- Also known as: Blå ögon
- Genre: Political drama
- Created by: Alex Haridi
- Written by: Alex Haridi
- Starring: Louise Peterhoff Linus Wahlgren Sven Nordin Adam Lundgren
- Theme music composer: Fleshquartet
- Country of origin: Sweden
- Original language: Swedish
- No. of seasons: 1
- No. of episodes: 10

Production
- Running time: 58 minutes

Original release
- Release: 30 November 2014 – 2015

= Blue Eyes (TV series) =

Swedish political drama television series

Blue Eyes (original title Blå ögon) is a Swedish political drama television series created by Alex Haridi. The programme focuses on two female leads against the backdrop of the rise of a far right political party, Trygghetspartiet (the Security Party.)

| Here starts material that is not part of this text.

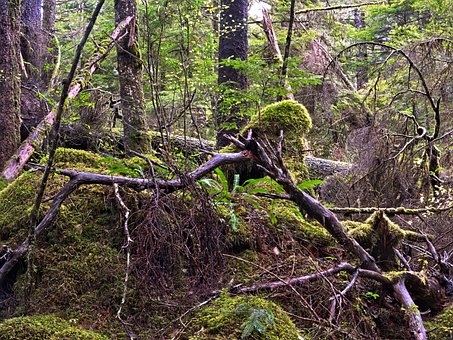 Free Landscape Rainforest photo and picture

Haridi's inspiration for the show came from election gains made by the Sweden Democrats and from shows such as The Wire and Homeland. The show was a ratings success, attracting over 1 million viewers in Sweden.

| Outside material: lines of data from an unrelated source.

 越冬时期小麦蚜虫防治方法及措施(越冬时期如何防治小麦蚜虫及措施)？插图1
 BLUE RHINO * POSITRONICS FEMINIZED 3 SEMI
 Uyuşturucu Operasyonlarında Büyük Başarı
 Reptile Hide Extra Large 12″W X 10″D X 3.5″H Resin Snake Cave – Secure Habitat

Critics considered the Security Party to be too similar to the Swedish Democrats, leading to complaints to the broadcasting regulator.

As Blue Eyes – and with English subtitles – the series was available on demand from Channel 4 TV as part of its Walter Presents service and occupied the Friday 9 p.m. slot on Channel 4's More 4 channel during April and May 2016. It was also broadcast in Australia on SBS. The series was released on home video (DVD and Blu-ray) in Sweden in 2015, and on DVD in the United Kingdom.